From the memory, the pattern in which registry information is read makes this situation rather rare. Often than this situation is encountered, more than one actual read is required as the expected data size exceeded the 2K buffer size. 

(By the way, increasing the buffer size beyond 2K doesn't seem to provide any measurable benefit in tests.)

This is a good patch and it improves theoretical performance of the BufferedRandomInputStream, but, so far, there is no compelling practical reason to put it into 3.2.1.
Comment 6 John Arthorne CLA 2006-07-14 16:37:42 EDT
I didn't measure the performance effect, and I agree it is only worth putting in 3.2.1 if it provides a measurable benefit.  However, I did see this 2048/4/2048/4/... pattern in large numbers while profiling startup of a large eclipse-based application with filemon, which is what led me to filing the bug in the first place.  

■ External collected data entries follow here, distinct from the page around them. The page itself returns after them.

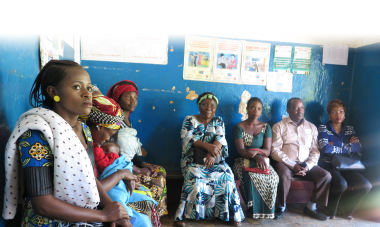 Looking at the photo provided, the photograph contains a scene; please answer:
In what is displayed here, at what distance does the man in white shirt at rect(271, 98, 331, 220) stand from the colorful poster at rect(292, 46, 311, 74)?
23.8 inches

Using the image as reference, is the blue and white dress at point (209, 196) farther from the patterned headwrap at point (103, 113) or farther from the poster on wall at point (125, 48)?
the poster on wall at point (125, 48)

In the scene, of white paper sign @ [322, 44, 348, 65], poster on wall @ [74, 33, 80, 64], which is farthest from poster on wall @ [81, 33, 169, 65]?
white paper sign @ [322, 44, 348, 65]

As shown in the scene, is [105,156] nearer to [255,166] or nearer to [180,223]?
[180,223]

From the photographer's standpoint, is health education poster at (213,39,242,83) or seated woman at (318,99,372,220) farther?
health education poster at (213,39,242,83)

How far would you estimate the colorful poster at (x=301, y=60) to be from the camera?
3.72 metres

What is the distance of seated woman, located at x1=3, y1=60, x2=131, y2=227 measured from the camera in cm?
101

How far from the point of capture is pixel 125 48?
328cm

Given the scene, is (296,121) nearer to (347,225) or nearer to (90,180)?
(347,225)

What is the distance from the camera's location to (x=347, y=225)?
287cm

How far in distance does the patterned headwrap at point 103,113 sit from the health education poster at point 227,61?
7.12 ft

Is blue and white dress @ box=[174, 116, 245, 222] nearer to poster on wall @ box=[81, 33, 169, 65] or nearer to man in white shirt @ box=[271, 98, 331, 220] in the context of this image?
man in white shirt @ box=[271, 98, 331, 220]

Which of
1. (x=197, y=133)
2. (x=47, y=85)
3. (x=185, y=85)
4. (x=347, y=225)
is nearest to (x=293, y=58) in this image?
(x=185, y=85)

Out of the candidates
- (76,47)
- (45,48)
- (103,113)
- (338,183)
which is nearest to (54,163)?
(103,113)

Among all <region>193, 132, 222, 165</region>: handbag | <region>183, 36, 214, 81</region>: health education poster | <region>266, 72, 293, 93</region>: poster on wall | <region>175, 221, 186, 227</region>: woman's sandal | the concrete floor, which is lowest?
the concrete floor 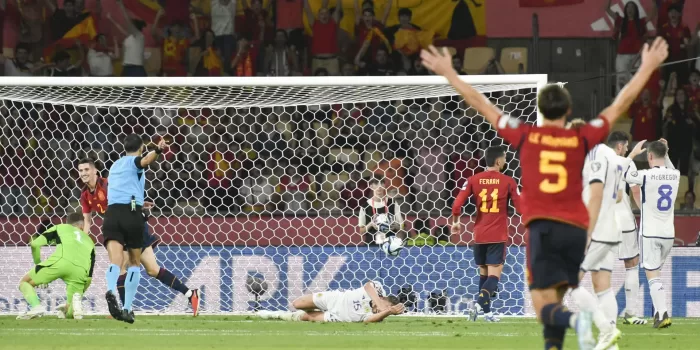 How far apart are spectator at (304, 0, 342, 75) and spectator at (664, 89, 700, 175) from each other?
479cm

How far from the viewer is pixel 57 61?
55.9 feet

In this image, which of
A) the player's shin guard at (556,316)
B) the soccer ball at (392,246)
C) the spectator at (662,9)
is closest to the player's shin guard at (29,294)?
the soccer ball at (392,246)

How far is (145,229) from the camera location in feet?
36.4

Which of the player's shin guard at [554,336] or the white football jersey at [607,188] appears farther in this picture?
the white football jersey at [607,188]

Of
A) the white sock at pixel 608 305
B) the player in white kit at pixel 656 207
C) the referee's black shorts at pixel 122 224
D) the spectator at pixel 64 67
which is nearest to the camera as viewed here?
the white sock at pixel 608 305

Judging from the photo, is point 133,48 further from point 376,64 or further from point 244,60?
point 376,64

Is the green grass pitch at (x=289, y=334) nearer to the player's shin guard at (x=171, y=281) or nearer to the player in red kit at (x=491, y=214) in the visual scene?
the player's shin guard at (x=171, y=281)

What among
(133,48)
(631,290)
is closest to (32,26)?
(133,48)

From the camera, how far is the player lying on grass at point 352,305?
1063cm

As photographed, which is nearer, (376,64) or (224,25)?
(376,64)

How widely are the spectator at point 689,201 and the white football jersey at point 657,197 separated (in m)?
4.61

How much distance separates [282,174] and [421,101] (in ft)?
6.83

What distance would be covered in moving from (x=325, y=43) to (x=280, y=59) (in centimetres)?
71

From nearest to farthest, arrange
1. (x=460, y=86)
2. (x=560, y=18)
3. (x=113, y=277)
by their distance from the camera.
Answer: (x=460, y=86), (x=113, y=277), (x=560, y=18) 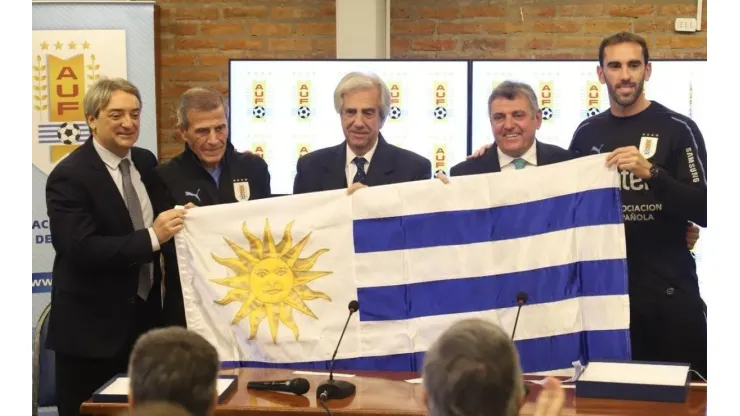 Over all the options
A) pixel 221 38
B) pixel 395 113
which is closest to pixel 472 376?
pixel 395 113

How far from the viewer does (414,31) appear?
22.7 ft

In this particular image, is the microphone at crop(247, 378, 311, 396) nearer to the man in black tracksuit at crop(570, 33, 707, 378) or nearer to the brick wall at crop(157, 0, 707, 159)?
the man in black tracksuit at crop(570, 33, 707, 378)

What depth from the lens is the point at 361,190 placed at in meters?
3.97

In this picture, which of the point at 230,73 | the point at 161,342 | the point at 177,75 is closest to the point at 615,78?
the point at 161,342

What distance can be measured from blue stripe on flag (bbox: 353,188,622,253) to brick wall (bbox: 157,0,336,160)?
3.26 metres

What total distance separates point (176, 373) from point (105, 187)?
6.66 ft

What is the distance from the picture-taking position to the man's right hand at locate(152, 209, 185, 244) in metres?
3.91

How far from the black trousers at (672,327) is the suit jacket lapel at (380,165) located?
1.21 metres

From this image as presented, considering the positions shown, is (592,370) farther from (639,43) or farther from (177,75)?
(177,75)

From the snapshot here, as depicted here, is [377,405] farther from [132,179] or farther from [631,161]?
[132,179]

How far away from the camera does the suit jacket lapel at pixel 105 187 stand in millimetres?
3922

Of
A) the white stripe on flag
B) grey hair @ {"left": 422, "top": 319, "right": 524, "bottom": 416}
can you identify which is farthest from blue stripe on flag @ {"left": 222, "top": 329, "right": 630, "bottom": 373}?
grey hair @ {"left": 422, "top": 319, "right": 524, "bottom": 416}

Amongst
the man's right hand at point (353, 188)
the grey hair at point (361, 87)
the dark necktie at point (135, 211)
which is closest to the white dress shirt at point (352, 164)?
the grey hair at point (361, 87)

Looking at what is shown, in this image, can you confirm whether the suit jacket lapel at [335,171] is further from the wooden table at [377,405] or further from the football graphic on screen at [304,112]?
the football graphic on screen at [304,112] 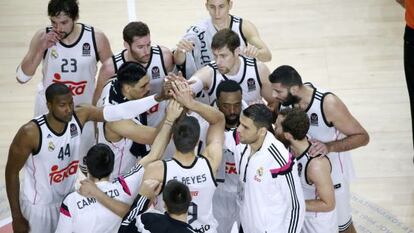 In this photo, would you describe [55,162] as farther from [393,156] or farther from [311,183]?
[393,156]

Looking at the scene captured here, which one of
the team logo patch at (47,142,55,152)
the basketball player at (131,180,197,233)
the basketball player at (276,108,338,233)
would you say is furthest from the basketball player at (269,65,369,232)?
the team logo patch at (47,142,55,152)

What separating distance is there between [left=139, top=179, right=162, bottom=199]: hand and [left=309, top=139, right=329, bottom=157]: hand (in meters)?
1.11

It will likely have more impact when the number of plugins is much larger and there is more registry churn on startup (not a minimal startup, but a more typical startup with many views and editors already open).  It will also depend on the VM, since the extension data is held using soft references, and different VMs have various policies for flushing soft references.
Comment 7 Oleg Besedin CLA 2006-07-14 17:08:25 EDT
I think the reason this doesn't have much impact on the "real" picture is that registry information is spread out (hence, random access) and, is located either in (1) relatively small blocks (much smaller than 2K), or (2) large blocks (typically, 3-4K). (And only small portion of the total registry cache file(s) is ever read.)

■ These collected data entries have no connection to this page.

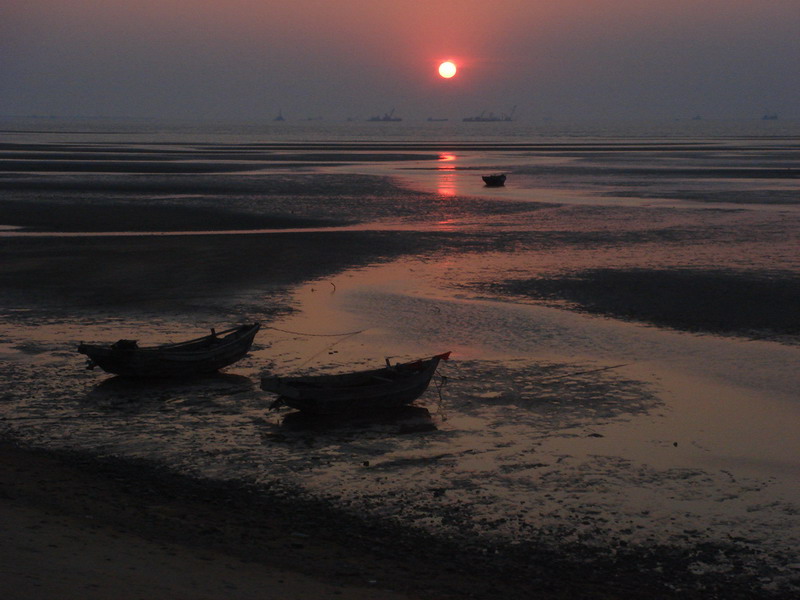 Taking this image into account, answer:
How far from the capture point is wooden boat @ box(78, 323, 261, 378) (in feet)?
54.2

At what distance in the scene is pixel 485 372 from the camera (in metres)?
17.8

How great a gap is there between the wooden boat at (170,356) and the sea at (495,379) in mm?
323

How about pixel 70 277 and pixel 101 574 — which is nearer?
pixel 101 574

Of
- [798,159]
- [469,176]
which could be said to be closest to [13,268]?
[469,176]

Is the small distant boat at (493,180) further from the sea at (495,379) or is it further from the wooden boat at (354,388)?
the wooden boat at (354,388)

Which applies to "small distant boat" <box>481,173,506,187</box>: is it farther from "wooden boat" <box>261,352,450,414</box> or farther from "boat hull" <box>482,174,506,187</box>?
"wooden boat" <box>261,352,450,414</box>

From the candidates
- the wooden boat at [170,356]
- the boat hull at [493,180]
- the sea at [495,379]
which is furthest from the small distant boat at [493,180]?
the wooden boat at [170,356]

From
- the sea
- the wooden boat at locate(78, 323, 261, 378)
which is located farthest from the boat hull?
the wooden boat at locate(78, 323, 261, 378)

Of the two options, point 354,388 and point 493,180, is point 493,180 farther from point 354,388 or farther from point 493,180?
point 354,388

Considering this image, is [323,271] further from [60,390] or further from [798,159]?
[798,159]

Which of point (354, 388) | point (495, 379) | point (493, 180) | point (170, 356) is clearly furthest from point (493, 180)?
point (354, 388)

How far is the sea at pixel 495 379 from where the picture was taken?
11.8 metres

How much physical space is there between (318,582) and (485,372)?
8913mm

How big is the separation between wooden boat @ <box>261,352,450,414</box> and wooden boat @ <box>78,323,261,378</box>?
2.55 metres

In the first case there is only one physical real done (the whole block and some extra is read at the very beginning) and the situation you describe doesn't occur. 

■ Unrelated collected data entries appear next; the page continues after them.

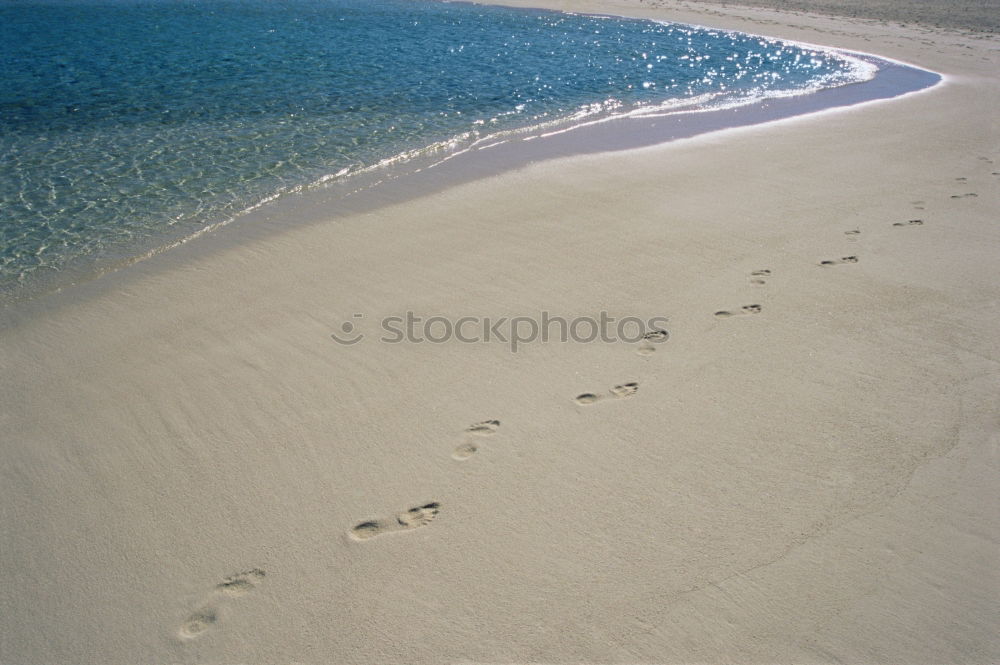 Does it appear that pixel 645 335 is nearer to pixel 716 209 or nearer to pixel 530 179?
pixel 716 209

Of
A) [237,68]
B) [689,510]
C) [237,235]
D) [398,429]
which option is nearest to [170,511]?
[398,429]

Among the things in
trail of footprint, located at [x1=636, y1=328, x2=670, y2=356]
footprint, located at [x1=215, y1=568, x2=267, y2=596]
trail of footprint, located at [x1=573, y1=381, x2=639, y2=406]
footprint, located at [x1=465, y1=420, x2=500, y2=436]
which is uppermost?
trail of footprint, located at [x1=636, y1=328, x2=670, y2=356]

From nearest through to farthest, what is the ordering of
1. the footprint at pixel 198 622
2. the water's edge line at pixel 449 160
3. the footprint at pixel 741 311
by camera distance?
the footprint at pixel 198 622, the footprint at pixel 741 311, the water's edge line at pixel 449 160

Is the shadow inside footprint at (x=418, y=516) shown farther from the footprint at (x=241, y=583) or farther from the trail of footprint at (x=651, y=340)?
the trail of footprint at (x=651, y=340)

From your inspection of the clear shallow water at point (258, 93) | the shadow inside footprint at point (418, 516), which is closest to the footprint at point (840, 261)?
the shadow inside footprint at point (418, 516)

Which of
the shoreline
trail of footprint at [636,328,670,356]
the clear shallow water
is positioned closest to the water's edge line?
the shoreline

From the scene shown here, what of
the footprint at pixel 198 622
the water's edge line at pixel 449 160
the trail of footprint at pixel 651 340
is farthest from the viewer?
the water's edge line at pixel 449 160

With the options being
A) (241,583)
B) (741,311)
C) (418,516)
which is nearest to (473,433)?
(418,516)

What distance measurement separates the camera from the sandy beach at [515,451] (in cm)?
268

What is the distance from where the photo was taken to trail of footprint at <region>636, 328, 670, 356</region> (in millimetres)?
4359

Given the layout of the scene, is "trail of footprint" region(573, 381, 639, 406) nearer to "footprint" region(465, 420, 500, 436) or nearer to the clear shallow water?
"footprint" region(465, 420, 500, 436)

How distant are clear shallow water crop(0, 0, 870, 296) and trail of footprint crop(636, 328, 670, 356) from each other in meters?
4.58

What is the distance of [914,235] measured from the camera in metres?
5.99

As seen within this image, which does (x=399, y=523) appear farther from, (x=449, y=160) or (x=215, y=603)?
(x=449, y=160) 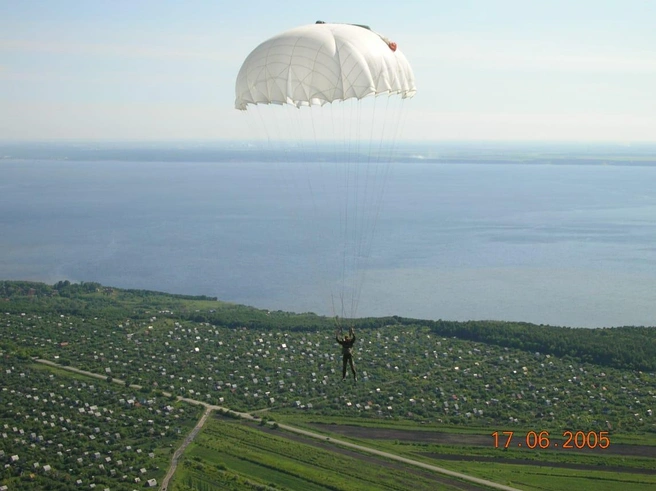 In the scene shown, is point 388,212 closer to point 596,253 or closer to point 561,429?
point 596,253

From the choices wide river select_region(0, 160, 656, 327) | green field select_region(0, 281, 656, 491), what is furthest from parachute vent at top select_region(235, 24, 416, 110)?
wide river select_region(0, 160, 656, 327)

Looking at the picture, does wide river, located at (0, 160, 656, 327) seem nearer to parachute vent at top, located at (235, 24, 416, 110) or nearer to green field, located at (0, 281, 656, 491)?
green field, located at (0, 281, 656, 491)

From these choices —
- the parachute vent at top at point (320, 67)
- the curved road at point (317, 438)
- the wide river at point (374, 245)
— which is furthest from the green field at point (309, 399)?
the parachute vent at top at point (320, 67)

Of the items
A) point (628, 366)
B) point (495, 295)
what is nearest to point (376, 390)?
point (628, 366)

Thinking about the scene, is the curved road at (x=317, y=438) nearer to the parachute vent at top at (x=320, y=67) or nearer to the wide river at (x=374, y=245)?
the parachute vent at top at (x=320, y=67)

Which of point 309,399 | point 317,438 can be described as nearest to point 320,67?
point 317,438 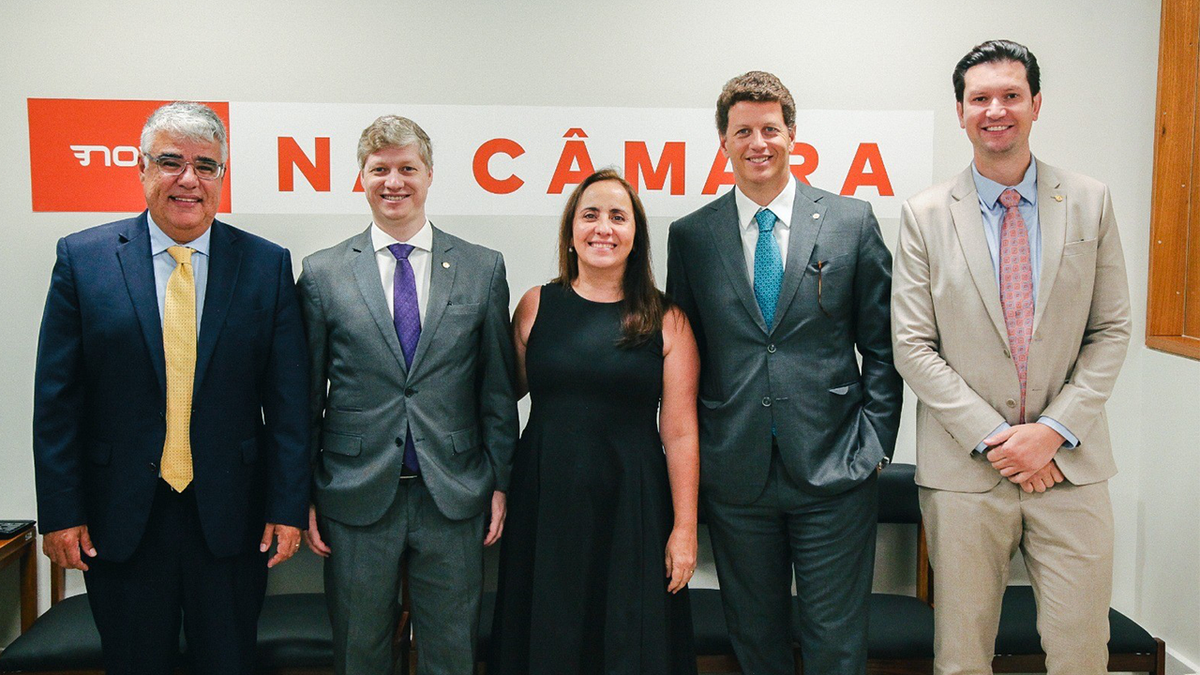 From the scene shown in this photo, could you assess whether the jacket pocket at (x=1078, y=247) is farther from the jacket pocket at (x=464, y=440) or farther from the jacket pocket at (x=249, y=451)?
the jacket pocket at (x=249, y=451)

In the second case (which is much more rare) "n+some" (up to 2*n) physical read is done by the "old" code and "n" buffer reads are done by the "new" code. Most often, it means 2 reads instead of 3 reads. I don't remember now the ratio or how often this occurs, but it is relatively infrequent scenario.

The "practical" effect would depend not so much on the size of the application, but on the size of the configuration elements. If we get an application with large number of unusually large config elements, the ratio of second scenario would increase.

However, the picture:
Read: 4
Read: 2048
Read: 4
Read: 2048
Read: 4
Read: 2048
Read: 4
would be rather non-typical for the actual registry reads.
Comment 8 John Arthorne CLA 2006-07-14 17:23:38 EDT
Prior to the patch, the very first call to read(byte[] b, int off, int len) would cause two disk reads - once to read "len" bytes and once to fill the buffer at the end. So, it could be that the 4/2048/4/2048 pattern I observed with filemon were actually pairs of separate registry accesses.
Comment 9 Oleg Besedin CLA 2006-07-17 14:41:04 EDT
Recoded bug 150852 for another potential improvement of the BufferedRandomInputStream.
Comment 10 Jeff McAffer CLA 2006-07-20 23:27:49 EDT
so is it faster?
Comment 11 Oleg Besedin CLA 2006-07-21 09:44:19 EDT
Performance: there is no measurable effect on either current or the "new and improved" JUnit startup tests.

However, as John pointed out, in those tests we measure "warm" startup on SDK. The "cold" startup of a large Eclipse-based application might show a different picture.

At present we are waiting for "cold" tests results with a larger application.
Comment 12 Oleg Besedin CLA 2006-07-25 13:46:45 EDT
The test results showed 8% improvement for the "cold" scenario using large application.

Re-opening the bug to consider releasing the patch into 3.2.1 stream.
Comment 13 Jeff McAffer CLA 2006-08-10 11:28:46 EDT
+1
Comment 14 DJ Houghton CLA 2006-08-14 11:08:15 EDT
Released to 3.2.x maintenance branch.